Goods movement has long been one of California’s largest and most important economic sectors. Taken collectively, its components – shipping, port operations, rail, trucking, warehousing, etc. – represent roughly one third of the economic activity and one third of all jobs in California’s massive economy. By far, more goods flow through California’s ports than any other state in the nation. Indeed, the United States’ overall trade economy relies upon on California’s success in goods movement.
However, in an ever competitive global supply chain, California is under intensifying pressure to maintain and grow market share. The massive project widening the Panama Canal will be completed soon enabling goods to bypass California altogether to serve eastern U.S. markets. This, coupled with additional competition from improved port operations in Canada and Mexico, along with eastern U.S. states eager to poach our business, should give all Californians pause as we consider the long term implications to that one third of our economy mentioned above.
And if that weren’t complicated enough, California’s goods movement sector must operate within the nation’s strictest emissions regulations. Accordingly, industry has responded to state mandates by modernizing operations in order to meet and exceed emissions targets. A great example is the technological marvel that is the new Middle Harbor at the Port of Long Beach that will both boost productivity and reduce emissions through automation and low carbon operations. It represents the kind of major investment and commitment that industry is prepared to make when it is confident that the state is a willing partner.
This is why the Governor’s executive order matters so much.
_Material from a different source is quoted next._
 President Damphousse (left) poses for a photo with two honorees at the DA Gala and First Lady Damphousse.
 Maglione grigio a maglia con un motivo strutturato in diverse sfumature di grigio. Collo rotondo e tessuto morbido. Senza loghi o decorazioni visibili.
It sets forth a clear policy that we must achieve a proper balance between economic, environment and infrastructure needs. It reinforces the critical principle that the term sustainability must mean both environmentally and economically sustainable.
Indeed that policy has been evident thus far in the California Air Resources Board’s approach to the development of a new Sustainable Freight Plan that seeks to move the entire goods movement sector to zero or near zero emissions. A transformation of that scale can only happen through thoughtful, public and private collaboration and investment.
So as the Administration and Legislature now consider our future transportation funding and priorities, and as they determine how best to reinvest the proceeds of the AB 32 Cap and Trade program, they would do well to advance the policy outlined in the Governor’s Executive Order, and commit to creating the conditions in which California’s preeminence in goods movement can endure for generations to come.